EXERCISE MATERIALS Block Start
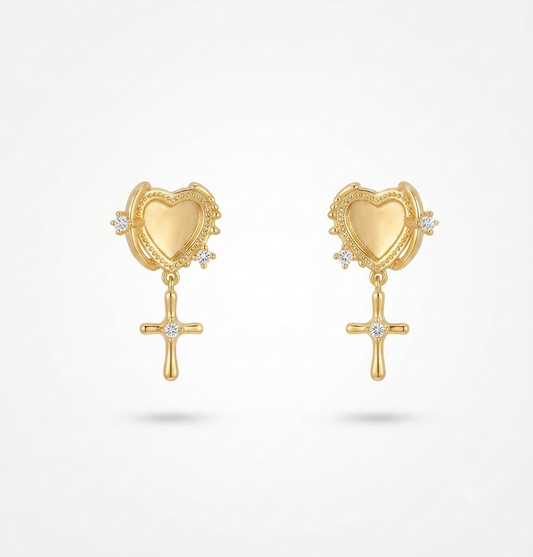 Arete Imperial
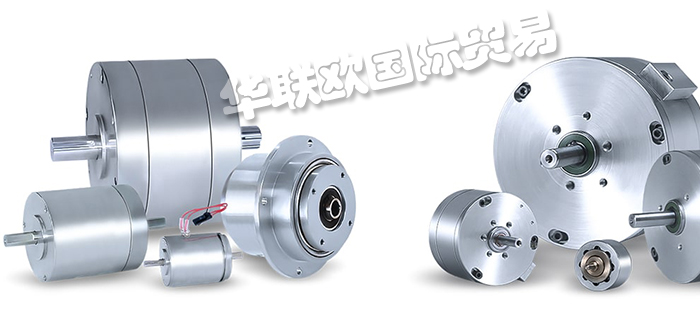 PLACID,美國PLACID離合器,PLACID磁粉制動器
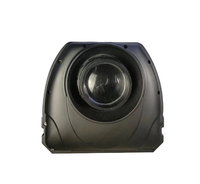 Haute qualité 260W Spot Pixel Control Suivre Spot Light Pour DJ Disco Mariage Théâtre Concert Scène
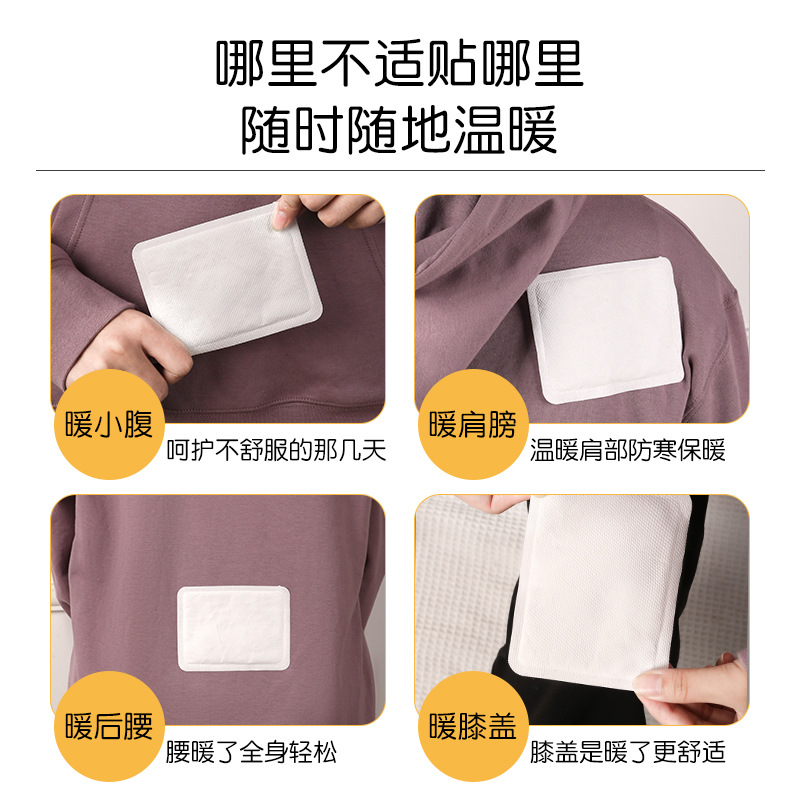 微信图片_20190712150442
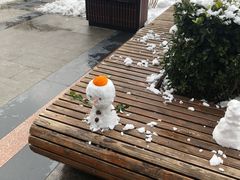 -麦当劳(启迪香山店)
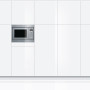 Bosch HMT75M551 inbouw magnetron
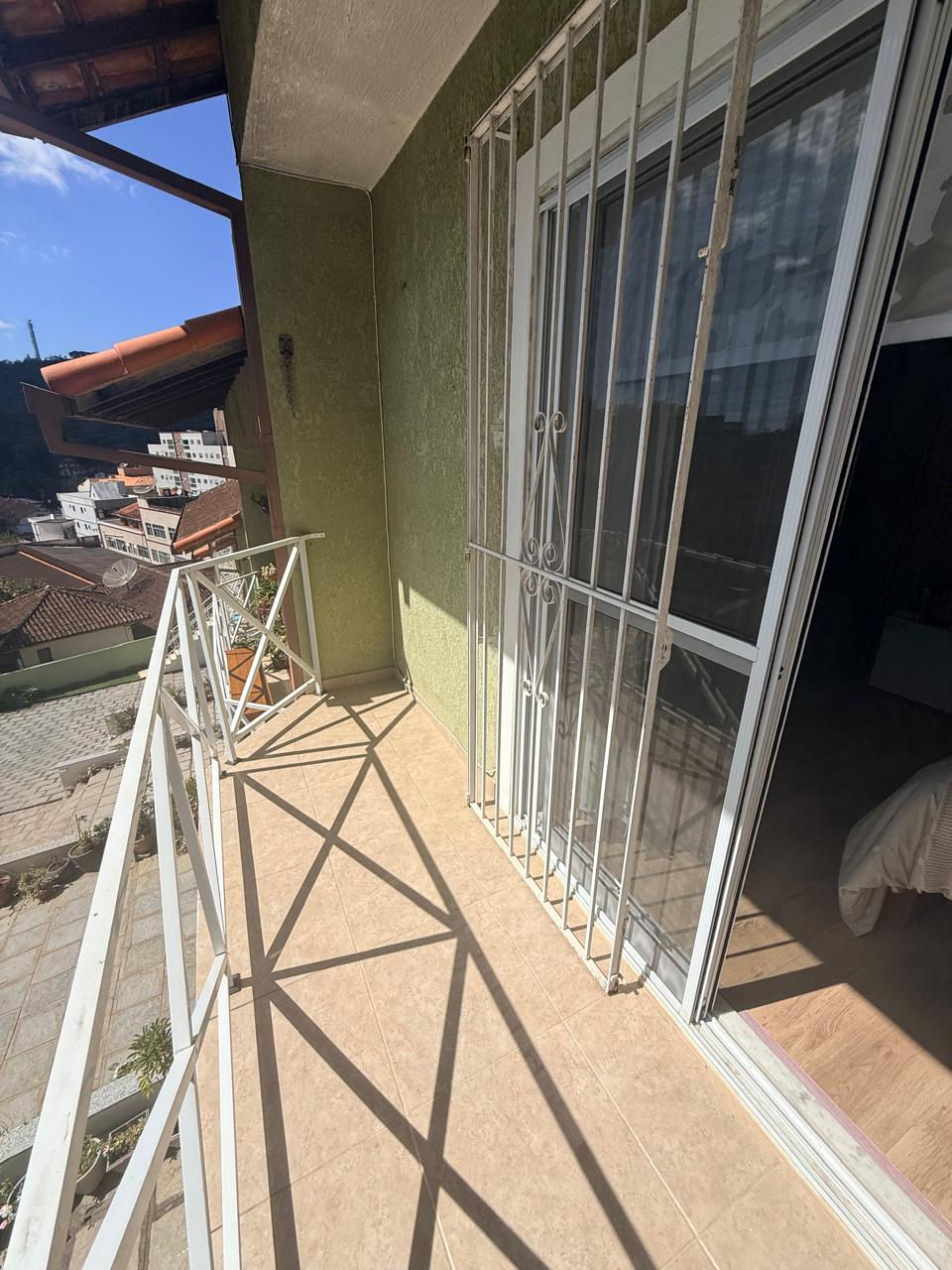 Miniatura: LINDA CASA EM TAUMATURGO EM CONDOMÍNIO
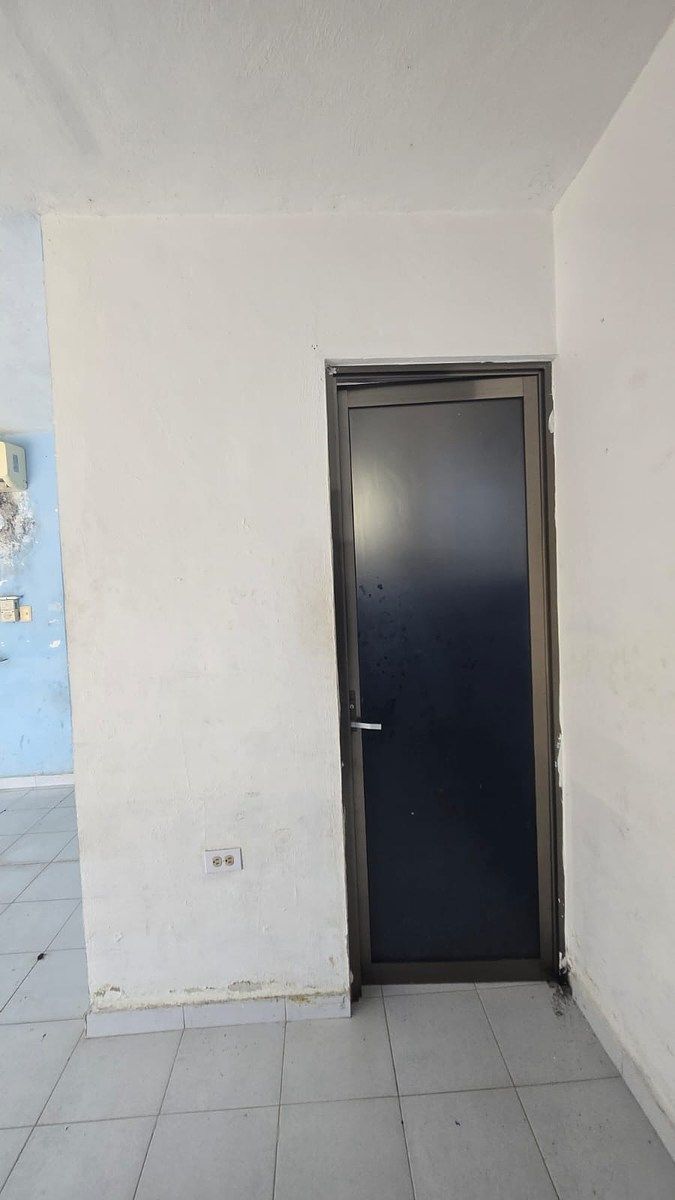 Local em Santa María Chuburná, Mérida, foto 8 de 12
EXERCISE MATERIALS Block End
EXERCISE MATERIALS Block Start
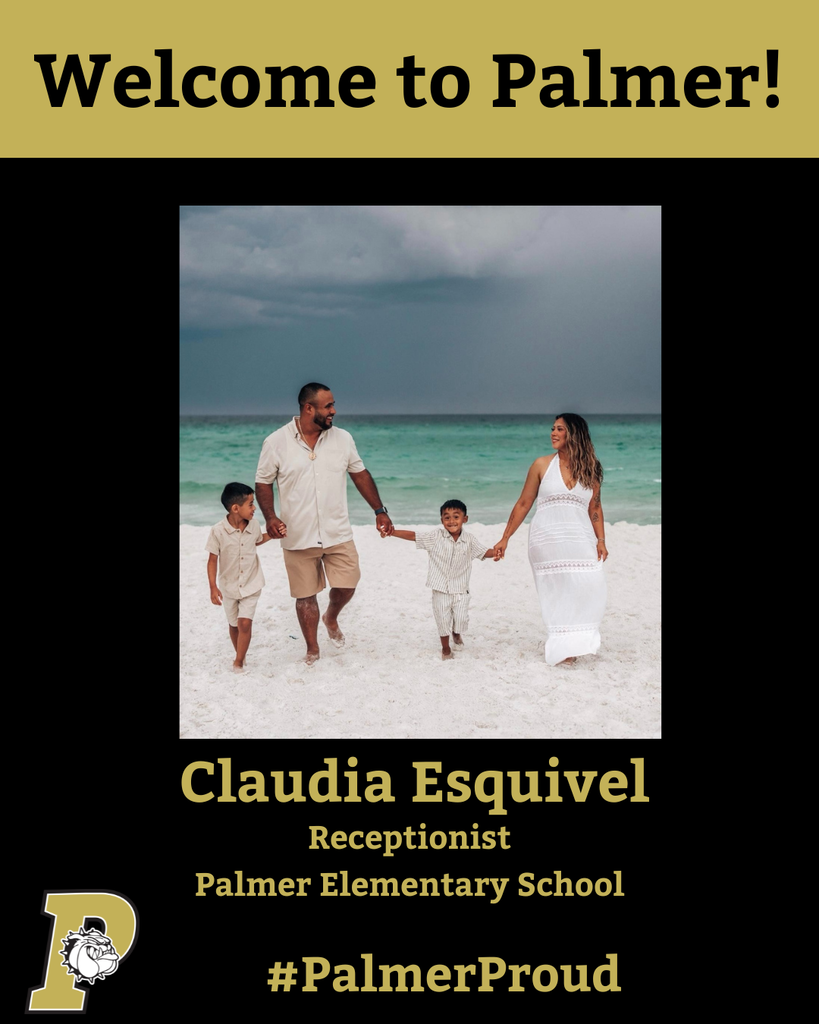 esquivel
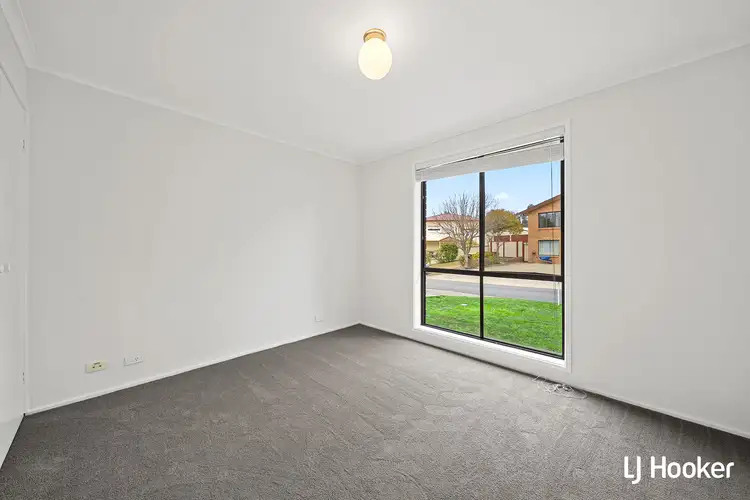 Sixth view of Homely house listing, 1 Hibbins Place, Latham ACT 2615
EXERCISE MATERIALS Block End
● AIM OF THE TASK: Above are the records; please give again, exactly and in full, only the lines that run from the line with "Haute qualité 260W" through the line with "Local em Santa", with no pictures.

● WRITTEN ANSWER:
 Haute qualité 260W Spot Pixel Control Suivre Spot Light Pour DJ Disco Mariage Théâtre Concert Scène
 微信图片_20190712150442
 -麦当劳(启迪香山店)
 Bosch HMT75M551 inbouw magnetron
 Miniatura: LINDA CASA EM TAUMATURGO EM CONDOMÍNIO
 Local em Santa María Chuburná, Mérida, foto 8 de 12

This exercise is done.